Gilberto Gil tem processo sobre apologia às drogas arquivado

Atualizada em 27/03/2022 às 14h51

BRASÍLIA - O procurador-geral da República, Claudio Fonteles, mandou arquivar a representação feita pela ONG Mensagem Subliminar contra o ministro da Cultura Gilberto Gil. A ONG acusou o ministro de fazer apologia ao uso da maconha no videoclipe da música "Kaya N'Gan Daya" e nas capas do CD e DVD de mesmo título. Com o ponto final colocado na história, Gil não responderá ação penal.

A intenção da ONG era suspender a venda do CD e barrar a exibição do clipe da música em emissoras de televisão. Mensagem Subliminar afirmou ter constatado "imagens consideradas subliminares -- e outras explícitas -- de apologia ao uso de drogas" no videoclipe. De acordo com a ONG, "a palavra Kaya, na linguagem Rastafari, a mesma utilizada por Bob Marley, significa maconha".

Fonteles entendeu que “admitir as alegações da Denunciante como crime de apologia ao uso de entorpecentes, seria o mesmo que acolher a presunção de fato e a responsabilidade objetiva no âmbito penal, sem culpa, sem dolo e sem ação ou omissão do sujeito, inadmissível no Direito Penal Moderno e próprio dos regimes totalitários”.

Embora o despacho seja do ano passado, a ONG afirma ter tomado conhecimento do documento recentemente.

Leia o documento assinado por Fonteles

Processo PGR nº 1.00.000.003194/2004-81

INTERESSADO: ONG DE ESTUDOS E PESQUISAS EM MENSAGEM SUBLIMINAR

ASSUNTO: DENÚNCIA

“Suposta prática de apologia ao uso de entorpecentes no videoclipe da canção“Three little birds”, do álbum “Kaya N’Gan Daya”. Ausência de justa causa. Parecer pelo arquivamento do procedimento no âmbito do MPF.”

DESPACHO

1. Trata-se de notitia criminis formulada pela ONG de Estudos e Pesquisas em Mensagem Subliminar, contra o Ministro de estado da Cultura GILBERTO GIL, imputando-lhe a suposta prática do crime de apologia ao uso de drogas, com base em videoclipe da canção “Three little birds”, do álbum “Kaya N’Gan Daya”.

2. Conclusos os autos, foi encaminhado o Ofício PGR/GAB/Nº 448 ao Ministro de Estado para que prestasse as informações que entendesse cabíveis (fls.15).

Após, o Ministro de Estado prestou informações a fls. 16/44 e 45/59.

Inicialmente, há que se ressaltar que o direito penal brasileiro não admite a possibilidade do crime de apologia ao uso de drogas de forma subliminar, sem ação dolosa ou culposa e sem conduta expressa e explícita do sujeito ativo.

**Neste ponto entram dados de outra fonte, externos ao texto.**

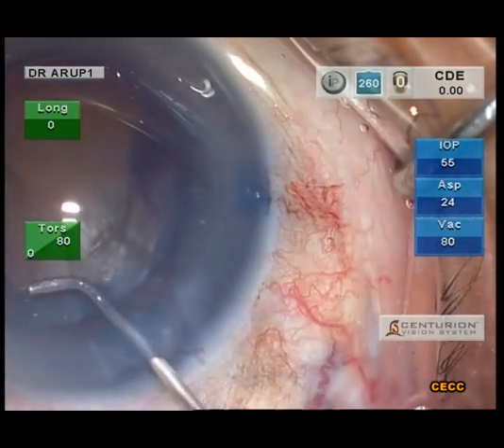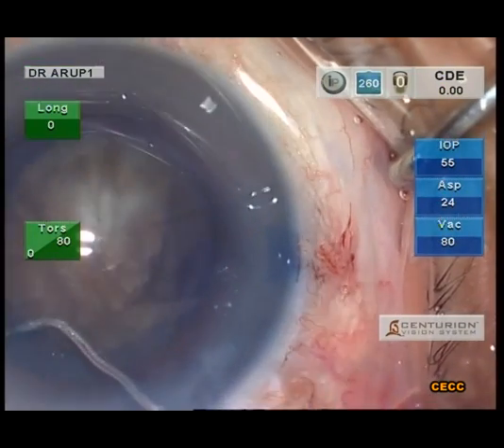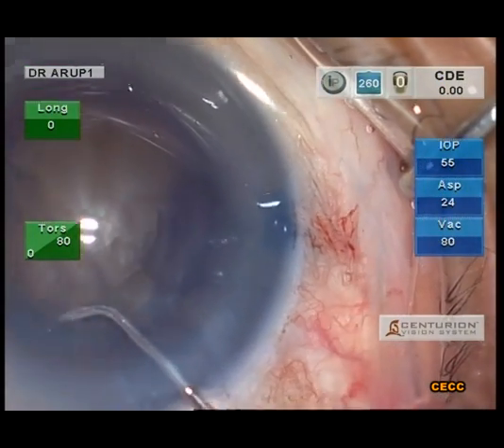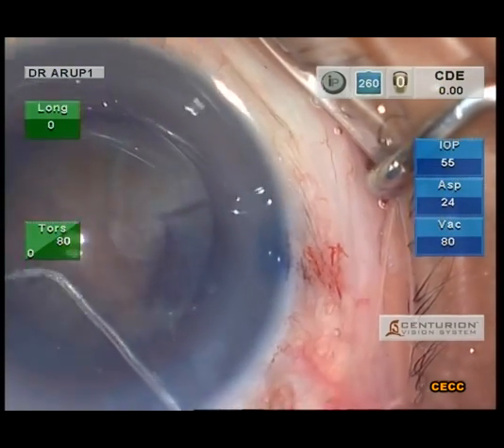Cortical cleaving hydrodissection is performed very gently at multiple points for fear of posterior capsular blowout. The nucleus should be pressed down each time the chamber shallows.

Afinal, como já dizia o saudoso mestre Nelson Hungria (1) “Apologia é a exaltação sugestiva, o elogio caloroso, o louvor entusiástico. A diferença entre a incitação do artigo 286 (incitação) e a apologia é que, naquele exorta-se ou aconselha-se indissimuladamente, enquanto que nesta justifica-se, apoia-se, exalta-se, aplaude-se, e de tal modo que torna implícita a instigação.”.

Prossegue o professor Mirabete (2) aduzindo que “(...) fazer apologia (é) elogiar, louvar, enaltecer, gabar, exaltar, aprovar, defender. O agente elogia o crime, como fato, o criminoso, o seu autor. Não constitui apologia criminosa o ato de descrever o fato, de tentar justificá-lo ou de ressaltar qualidades reais ou imaginárias do criminoso, desde que não impliquem o elogio pelo crime praticado.”.

Nesse sentido, válido transcrever esclarecedor trecho das informações prestadas pela Consultoria Jurídica do Ministério da Cultura, vejamos:

“(...) incriminar uma mensagem subliminar -- que está abaixo da

percepção consciente -- seria o mesmo que subverter todos os

princípios que norteiam o Direito Penal, ao imputar pena para uma

conduta inexistente, que não foi exteriorizada mediante uma ação ou

omissão dolosa ou culposa do agente. O Direito Penal é incompatível com a idéia subliminar. O fato existe ou não existe, não pode estar subtendido numa mensagem que só seria exteriorizada mediante uma análise dos supostamente “sábios” no assunto.

Para o Direito Penal, o crime é um fato típico, antijurídico e culpável. Portanto, crime é fato explícito contrário ao direito. Fato não se presume. “O Direito Penal Moderno é Direito Penal da

Culpa. Não se prescinde do elemento subjetivo. Intolerável a

responsabilidade objetiva e a responsabilidade pelo fato de outrem.

Conduta é fenômeno ocorrente no plano da experiência. É fato.

Fato não se presume. Existe, ou não existe. O Direito penal da culpa é inconciliável com presunção de fato. Não se pode punir alguém por crime que não cometeu...” (STJ, RE 46424-2/RO).

Portanto, admitir as alegações da Denunciante como crime de apologia ao uso de entorpecentes, seria o mesmo que acolher a presunção de fato e a responsabilidade objetiva no âmbito penal, sem culpa, sem dolo e sem ação ou omissão do sujeito, inadmissível no Direito Penal Moderno e próprio dos regimes totalitários.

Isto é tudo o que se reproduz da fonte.